SelidikPost.com, Bandar Lampung – Wali Kota Bandar Lampung, Eva Dwiana, bergerak cepat merespons genangan air yang menghambat aktivitas warga di ruas Jalan By Pass Soekarno-Hatta, Sabtu (28/3/2026) pagi.
Genangan air yang terjadi pasca hujan deras tersebut terpantau di titik perbatasan Kelurahan Way Gubak (Kecamatan Sukabumi) dan Kelurahan Ketapang (Kecamatan Panjang). Mendapati laporan tersebut, Bunda Eva langsung menginstruksikan penanganan cepat di lapangan.

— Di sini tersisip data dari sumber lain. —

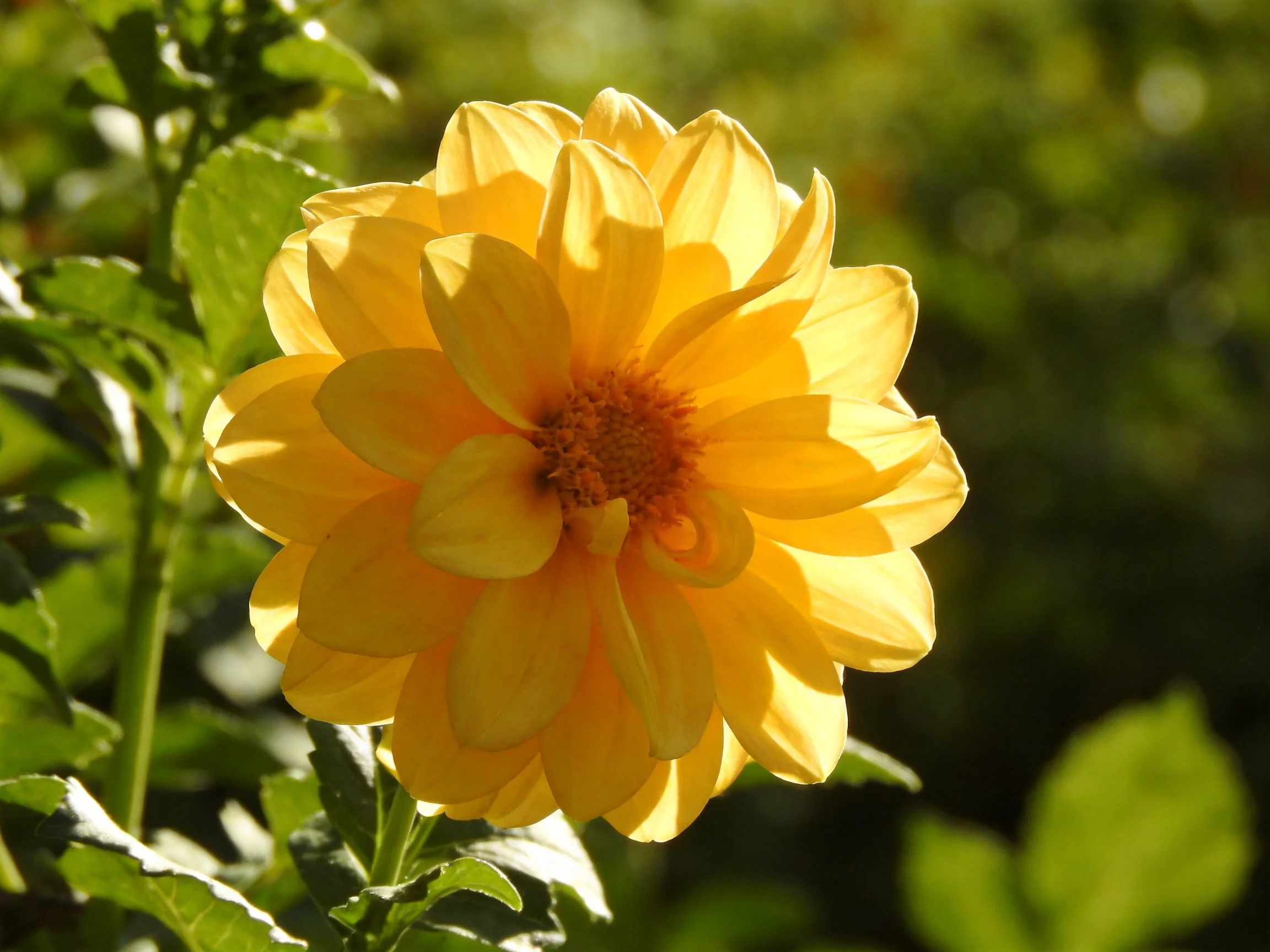 A vibrant yellow dahlia blooms amid lush green foliage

Menindaklanjuti instruksi tersebut, Satgas gabungan Pemkot Bandar Lampung yang terdiri dari BPBD, Damkarmat, dan Dinas Lingkungan Hidup (DLH) langsung diterjunkan untuk melakukan penyedotan air serta pengerukan di ujung gorong-gorong.
Tidak hanya itu, Pemkot juga berkoordinasi dengan Balai Pelaksana Jalan Nasional sebagai pengelola jalan nasional guna mempercepat proses normalisasi.
“Tim harus standby dan bekerja kolaboratif. Normalisasi harus dilakukan secepatnya agar mobilitas warga tidak terganggu,” tegas Bunda Eva.
Normalisasi Digenjot, Alat Berat Dikerahkan
Sebagai tindak lanjut, pihak BPJN langsung turun ke lokasi dengan mengerahkan alat berat untuk melakukan normalisasi saluran sodetan yang melintasi jalur By Pass.
Pengerukan dilakukan secara intensif untuk menghilangkan material yang menyumbat gorong-gorong, sehingga aliran air dari wilayah Sukabumi menuju laut Ketapang dapat kembali lancar.
Lalu Lintas Tetap Lancar
Meski proses penanganan berlangsung, arus lalu lintas di jalur By Pass tetap terpantau lancar. Hal ini berkat pengamanan dari aparat kepolisian dan TNI yang sigap mengatur kendaraan di lokasi.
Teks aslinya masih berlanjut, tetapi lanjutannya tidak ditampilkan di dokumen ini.